Heapsort is one of the best general-purpose sort algorithms, and is part of the selection sort family. It has very good running time performance on randomly ordered arrays, well behaved memory use, and its worst-case performance is effectively the same as its average performance.

Heapsort in action

Consider placing a number of objects into a heap data structure. The heap places an ordering upon elements added to it, so the largest elements will be placed at the top of the heap (we term this heap a max-heap), or the smallest elements will be placed at the top of the heap (we term this heap a min-heap). The heap data structure also allows us to perform the operation of extracting the minimum or maximum element in the heap, reordering what elements are left in the heap.

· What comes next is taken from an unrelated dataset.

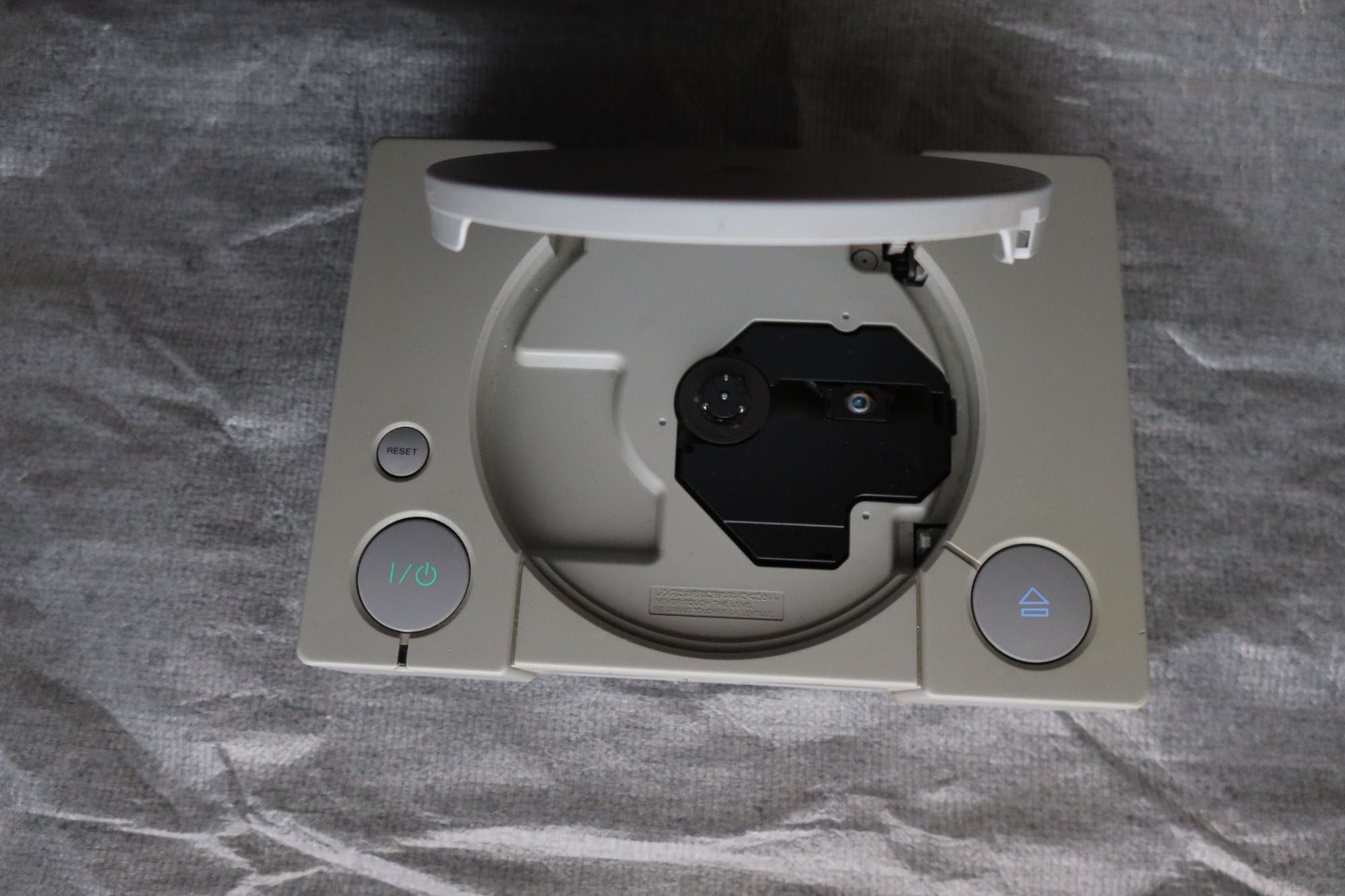 Playstation 1 SCPH-9002 com comando e acessórios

We can exploit this property to obtain an efficient sort algorithm. If we have an unsorted collection of elements we wish to sort, we add them into a min-heap, and then continue extracting the minimum element of the heap, placing this element first in order, then second and so on will give the elements in sorted order. Likewise, if we have a max-heap, we extract continue extracting the maximum element of the heap, placing the elements however backwards, giving the maximum element last in order, moving to the minimum element first in order.

In doing so, we require only as much extra space to store the heap (assuming the original array of unsorted elements as given).

Why it works

The heap data structure is designed to act as a priority queue, placing the largest elements at the front of the queue and the smallest elements at the back, or vice versa. When adding elements to (or deleting them from) a heap, one must preserve this so-called heap property. When using a binary tree to implement the heap, the relevant operation is often known as up-heap, bubble-up, or sift-up. Since trees can be represented by means of an array, arrays can be used to implement heaps also.

Although not widely known, it is possible to define a ternary Heapsort. Instead of each element having two children, each element has three. Ternary Heapsort is somewhat more complicated to program, but it is potentially faster. Each step in a ternary heap requires three comparisons and one swap vs. two comparisons and one swap in a binary heap. The ternary heap can do two steps in less time than the binary heap requires for three steps. But two steps of a ternary tree multiply the index by a factor of 9, which is more than the factor 8 of three binary steps. Ternary Heapsort is about 12% faster than binary Heapsort.

Analysis of heapsort

Heapsort works thus in-place and the worst-case running time to sort n elements is O(n log n). For reasonably large values of n, the log n term is almost constant, so that the sorting time is close to linear in the number of items to sort.

Because Heapsort requires only a fixed amount of extra storage space, it is a true in-place algorithm. The up-heap operation may use tail recursion which requires stack space in naive interpreters and compilers, but a good language implementation or a competent programmer could straightforwardly convert the algorithm to an iterative form.

Heapsort is not a stable sort.

Comparison with other sorts

Heapsort primarily competes with Quicksort, another very efficient general purpose nearly-in-place comparison-based sort algorithm.

Quicksort is typically somewhat faster, but the worst-case running time for Quicksort is O(n2) which is unacceptable for large data sets and can be deliberately triggered given enough knowledge of the implementation, creating a security risk. See Quicksort for a detailed discussion of this problem, and possible solutions.

The Quicksort algorithm also requires Ω(log n) extra storage space on average, making it not a strictly in-place algorithm. This typically does not pose a problem except on the smallest embedded systems, or on systems where memory allocation is highly restricted. Constant space (in-place) variants of Quicksort are possible to construct, but are rarely used in practice due to their extra complexity.

Thus, because of the O(n log n) upper bound on Heapsort's running time and constant upper bound on its auxiliary storage, embedded systems with real-time constraints or systems concerned with security often use Heapsort.

Heapsort also competes with Mergesort, which has the same time bounds, but requires Ω(n) auxilary space, whereas Heapsort requires only a constant amount. Heapsort also typically runs more quickly in practice. However, Mergesort is generally seen as simpler to understand than heapsort, is a stable sort, parallelizes better, and can be easily adapted to operate on linked lists and very large lists stored on slow-to-access media such as disk storage or network-attached storage. Heapsort shares none of these benefits.